Table 13 Applying the class-agnostic foreground map to the class-specific localization maps with different strategies on the PASCAL VOC 2012
Table 14 Applying BAS to CLISM and W-OoD on the PASCAL VOC 2012
Fig. 21
figure 21

Limitation. The density distribution map about IoU and object size. For WSOL, the experiment is implemented on ILSVRC and bounding boxes are used to measure IoU and object size. For WSSS, experimental results are calculated by pixel-level masks on the PASCAL VOC 2012 training set at the seed phase

6 Discussion

Limitation. In this section, we discuss the localization ability of BAS for different size objects. We first visualize the density distribution of the IoU about BAS and CAM (Zhou et al., 2016) in Fig. 21. It can be noted that BAS performs better on medium and large objects, but not enough on small objects. We believe the main reason is the following two aspects: the localization of small objects is an inherent problem of computer vision, on the other hand, the area constraint loss penalizes different size objects unequally and will penalize small objects less, which causes BAS cannot balance both large and small objects with only a single hyperparameter to adjust the area constraint loss (Fig. 22).

Future Works. In the future, there are two main aspects of work, (1) improving the performance of the localization capability at different object sizes and (2) further extending the application of BAS.

To solve the issue of inconsistent localization ability for different size objects, we would like to explore the following promising researches: (1) The area constraint loss can be improved to allow different tolerance for objects of various sizes. (2) Based on the fact that WSOL works better for localizing large objects, we can determine the approximate region of the objects in the first stage, and then crop and resize the corresponding region to convert the original small object into a larger one, thereby performing localization in the second stage.

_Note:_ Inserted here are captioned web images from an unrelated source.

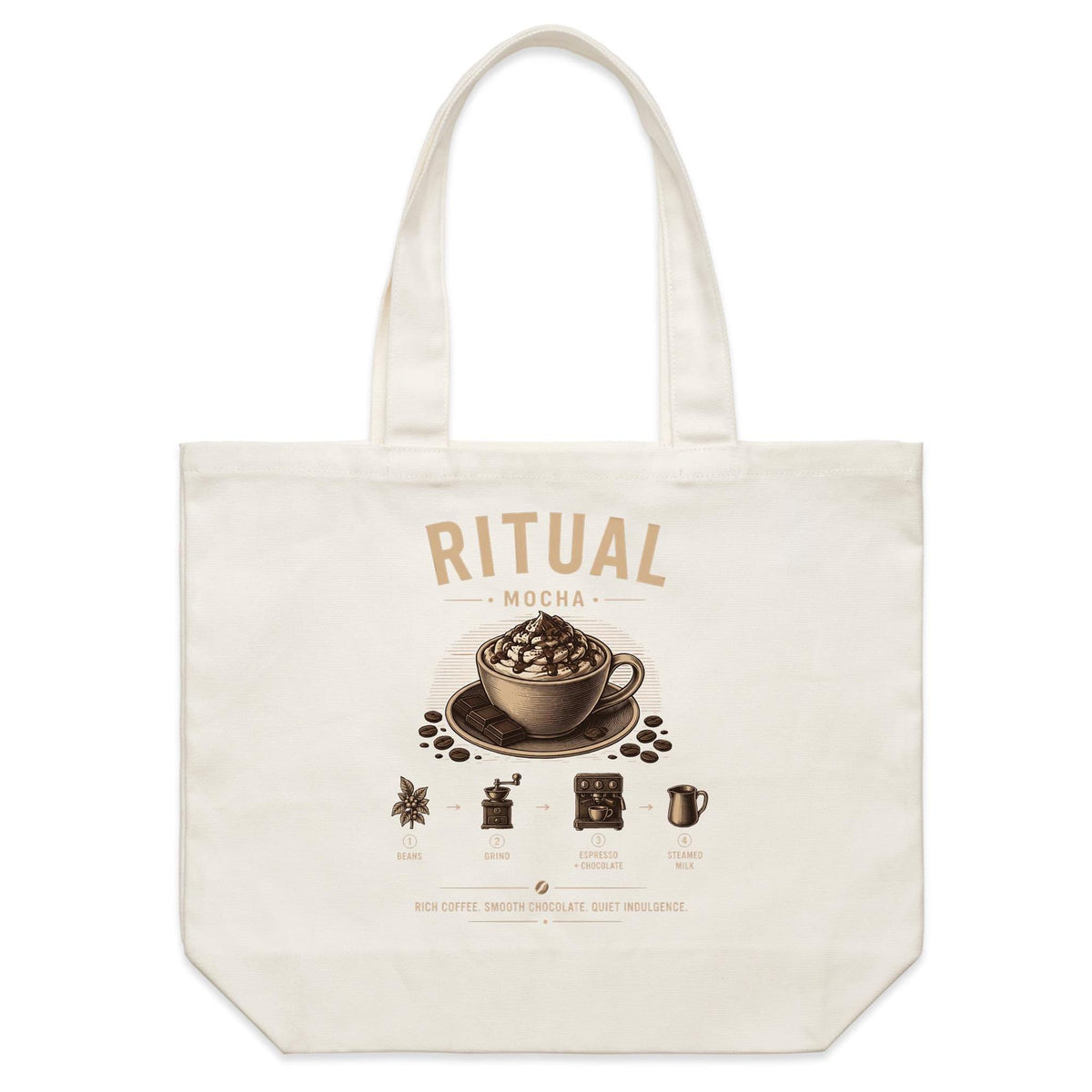 Back of Voltare Mocha Ritual natural canvas tote bag with matching whipped cream, chocolate drizzle and illustrated coffee-making steps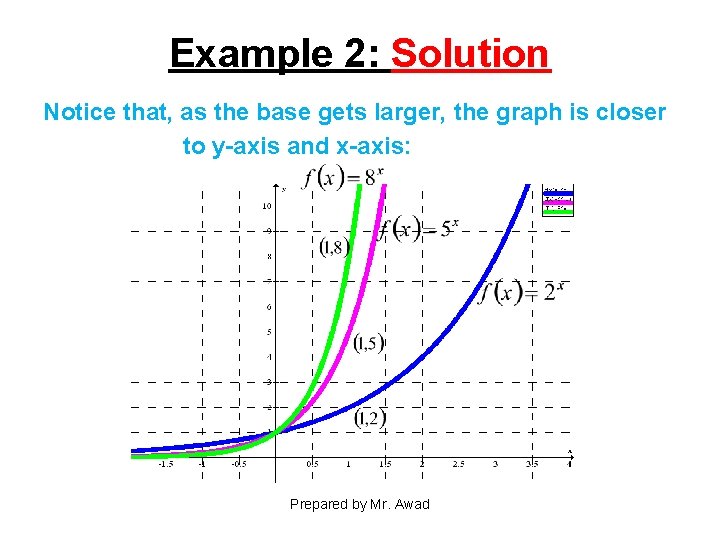 Example 2: Solution Notice that, as the base gets larger, the graph is closer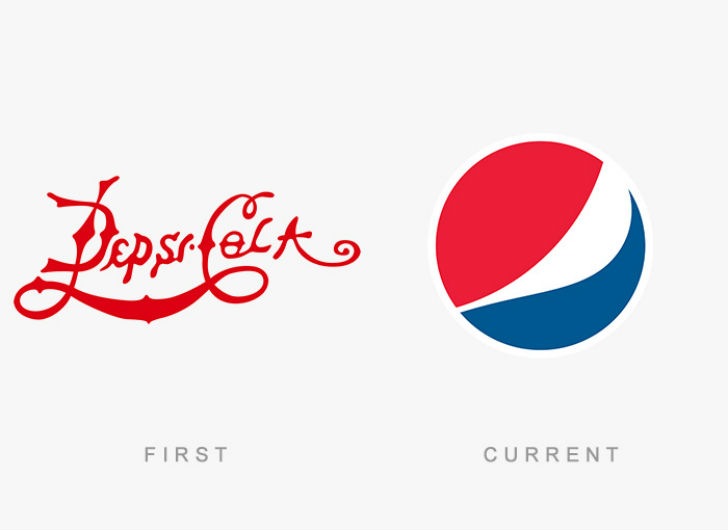 Фотография: Как выглядели самые первые логотипы всемирно известных брендов №30 - BigPicture.ru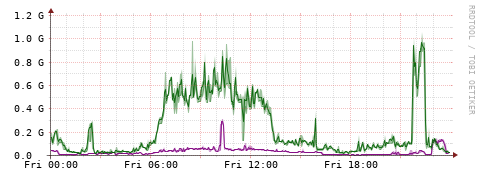 [Interfaces]: Bit rates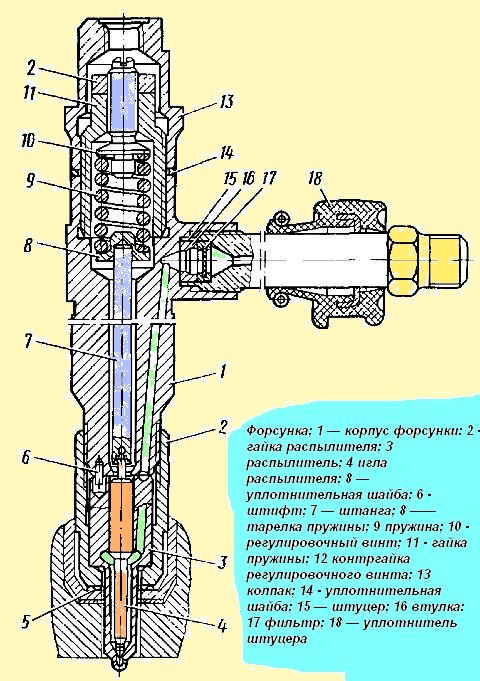 https://cdn.insales-shop.ru/files/1/5503/26277247/original/форсунка_маз_e27e2592f0b5049235fd24470ef4aace.jpg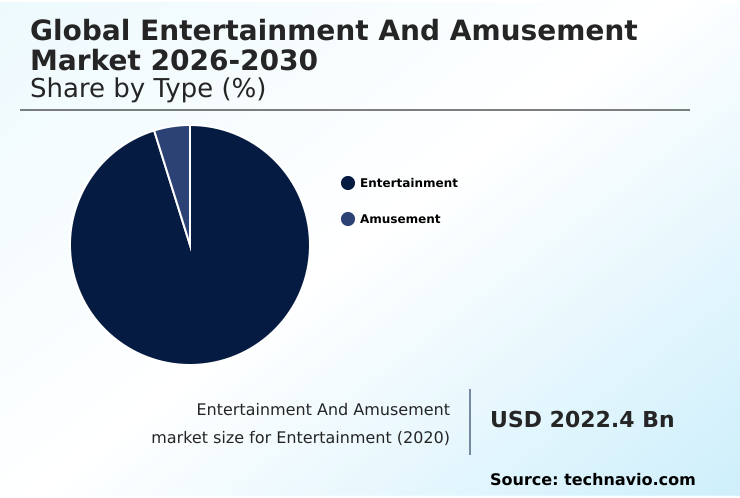 Foundry Equipment Market Size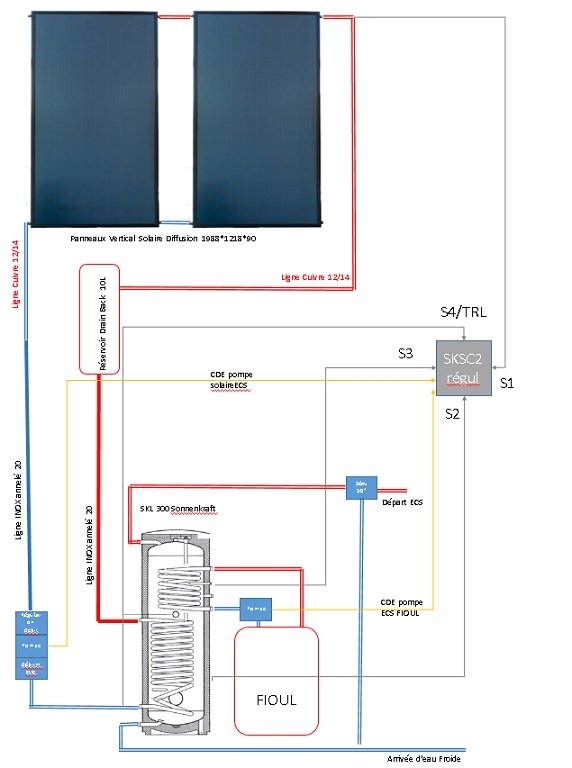 schéma ECS avec régul.jpg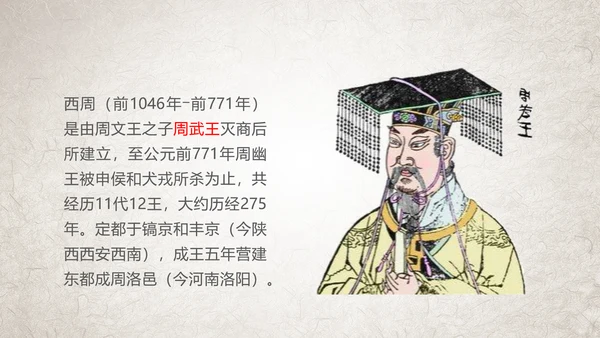 初高中历史夏商西周兴亡史PPT课件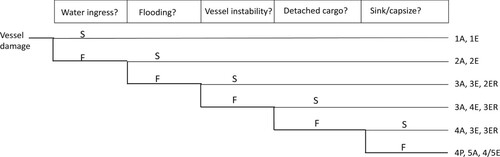 Figure 12. Vessel damage consequence scenario 3.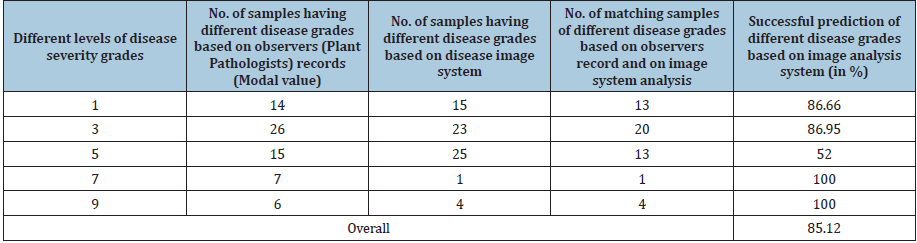Click here to view Large table 6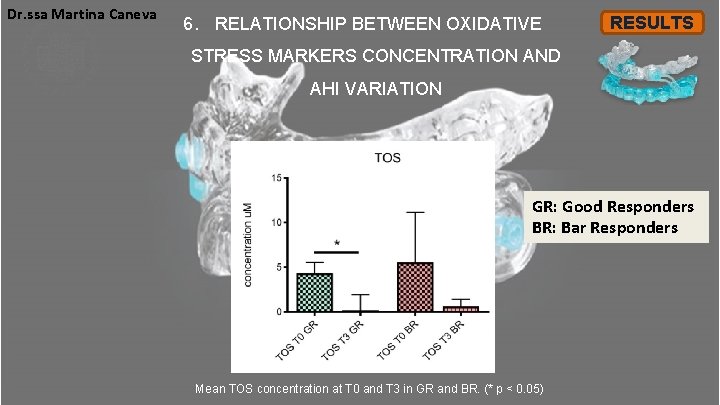 Dr. ssa Martina Caneva 6. RELATIONSHIP BETWEEN OXIDATIVE RESULTS STRESS MARKERS CONCENTRATION AND AHI Dr. ssa Martina Caneva 6. RELATIONSHIP BETWEEN OXIDATIVE RESULTS STRESS MARKERS CONCENTRATION AND AHI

Table 15 Effect of applying image-specific threshold on different methods compared to global threshold on the PASCAL VOC 2012 training set
Fig. 22
figure 22

Finding image-specific threshold by BAS. a IoU-threshold curve and Loss-threshold curve. Loss indicates the summation of \({\mathcal {L}}_{bas}\) and \({\mathcal {L}}_{ac}\). b Process of finding the image-specific threshold by using \({\mathcal {L}}_{bas}\) and \({\mathcal {L}}_{ac}\) as evaluation

Apart from the above possible improvements, BAS can also be extended to weakly supervised instance segmentation (WSIS), since obtaining a high-quality locality map is also essential for WSIS.

7 Conclusion

In this paper, we find previous FPM-based work using cross-entropy to facilitate the learning of foreground prediction maps, essentially by changing the activation value, and the activation value shows a higher correlation with the foreground mask. Thus, we propose a background activation suppression (BAS) approach to promote the generation of foreground maps by an activation map constraint (AMC) module, which facilitates the learning of foreground prediction maps mainly through the suppression of background activation. Extensive experiments on CUB-200-2011 and ILSVRC verify the effectiveness of the proposed BAS, which surpasses previous methods by a large margin. In addition, BAS can also be extended on WSSS to enhance the seed quality of other methods by providing high quality foreground maps, and achieves the state-of-the-art performance on PASCAL VOC 2012 and MS COCO 2014.